– LUKE 12:49-57
– Fr Fernando Armellini SCJ
Claretian Publications, Macau
What is the fire that Jesus came to bring on earth (v. 49)? Why does he say of not coming to bring peace, but rather division (v. 51)? Today’s Gospel combines a series of rather enigmatic sayings of the Lord.
Let’s start with the images of fire and baptism (vv. 49-50). After the flood the rainbow appears in the sky, a symbol of peace restored between heaven and earth. God swears: “Never again will all life be cut off by the waters of a flood, and never again will there be a flood to destroy the earth” (Gen 9:11). From this promise, a conviction is born and spreads in Israel that, to cleanse the world of iniquity, God would no longer use water, but fire: “For by fire will the Lord execute judgment … against all mortals” (Is 66:16). The Baptist also announced the coming of the Messiah with threatening words: “He will baptize you in the Holy Spirit and fire … . The chaff he will burn in everlasting fire” (Mt 3:11-12). Jesus also speaks of fire and, after him, almost all the authors of the New Testament.
What is it about? It is natural to think of the final judgment and eternal punishment that awaits the wicked. Not so fast! Maybe the Baptist and the disciple James and John imagined it so. The two brothers wanted to call down fire from heaven against the Samaritans (Lk 9:54), but surely not Jesus.

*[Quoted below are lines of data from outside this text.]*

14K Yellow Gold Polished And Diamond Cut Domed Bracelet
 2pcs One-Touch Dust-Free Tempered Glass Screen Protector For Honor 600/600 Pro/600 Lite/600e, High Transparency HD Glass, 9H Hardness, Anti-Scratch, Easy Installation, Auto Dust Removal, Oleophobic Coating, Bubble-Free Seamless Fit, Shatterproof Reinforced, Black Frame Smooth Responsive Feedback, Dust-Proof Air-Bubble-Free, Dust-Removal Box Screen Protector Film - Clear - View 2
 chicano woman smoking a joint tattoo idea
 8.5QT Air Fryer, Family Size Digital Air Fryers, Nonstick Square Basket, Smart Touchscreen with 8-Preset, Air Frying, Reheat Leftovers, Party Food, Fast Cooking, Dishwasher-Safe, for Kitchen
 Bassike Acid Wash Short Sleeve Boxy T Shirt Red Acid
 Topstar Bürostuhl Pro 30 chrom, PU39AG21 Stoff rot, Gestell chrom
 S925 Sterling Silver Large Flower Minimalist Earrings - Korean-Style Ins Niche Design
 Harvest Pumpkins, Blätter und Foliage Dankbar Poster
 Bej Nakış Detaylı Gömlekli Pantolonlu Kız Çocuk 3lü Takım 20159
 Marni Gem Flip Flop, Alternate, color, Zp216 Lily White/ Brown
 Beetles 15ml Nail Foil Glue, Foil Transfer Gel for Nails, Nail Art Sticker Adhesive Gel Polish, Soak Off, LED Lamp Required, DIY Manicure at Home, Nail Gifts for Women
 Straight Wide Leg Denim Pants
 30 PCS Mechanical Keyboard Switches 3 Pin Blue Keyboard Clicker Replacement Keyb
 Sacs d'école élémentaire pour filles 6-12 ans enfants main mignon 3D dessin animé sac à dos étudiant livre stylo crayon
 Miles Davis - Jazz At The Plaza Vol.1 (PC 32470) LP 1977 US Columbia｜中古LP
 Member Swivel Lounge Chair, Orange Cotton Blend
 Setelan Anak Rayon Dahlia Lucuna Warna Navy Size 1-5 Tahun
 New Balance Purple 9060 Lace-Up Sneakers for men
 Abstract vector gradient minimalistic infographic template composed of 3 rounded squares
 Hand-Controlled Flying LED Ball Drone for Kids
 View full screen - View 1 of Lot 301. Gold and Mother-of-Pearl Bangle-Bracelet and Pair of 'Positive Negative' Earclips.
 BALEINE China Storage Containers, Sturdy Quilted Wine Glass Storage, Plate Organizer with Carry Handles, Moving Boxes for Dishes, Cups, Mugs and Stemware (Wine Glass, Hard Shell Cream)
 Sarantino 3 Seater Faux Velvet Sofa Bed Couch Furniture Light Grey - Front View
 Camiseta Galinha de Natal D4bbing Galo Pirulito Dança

The fire of God is not intended to destroy or torture those who made mistakes. It is the instrument with which he wants to destroy evil and purify us from sin.
Now we can make sense of the exclamation of Jesus: “How I wish it were already kindled!” (v. 49). It is the expression of his burning desire to see the weeds are soon destroyed. Malachi announced: “The day already comes, flaming as a furnace. On that day all the proud and evildoers will be burned like straw in the fire” (Mal 3:19). Jesus looks forward to the realization of this prophecy. He already sees the rising of the new world wherein there will be no more space for the wicked. These will disappear, destroyed by the irresistible flame of his love.
The message of Jesus is a fire and—logically—who has the goods to be protected, buildings to be preserved is not keen to see the arsonists. The Gospel is a burning torch that wants to reduce to an immense fire all the unjust structures, the inhuman situations, discrimination, greed of money, the frenzy of power.
Who feels threatened by this “fire” does not remain passive. He opposes by all means. He reacts violently because he wants to perpetuate the world of sin. It is at this point that the first misunderstandings burst, then division and conflict, finally persecution and violence.
Union is not always good and should be approved. Union must be sought from the Word of God, from the truth. Peace founded on lies and injustice, cannot be favored. It must at times provoke, with much love and without offending anyone, healthy divisions.
One must not confuse hatred, violence, offensive, and arrogant words—which are incompatible with the Christian choice—with the honest challenge, disagreements that arise from new, evangelical proposals. These are needed, even if painful, especially when involving members of the same family.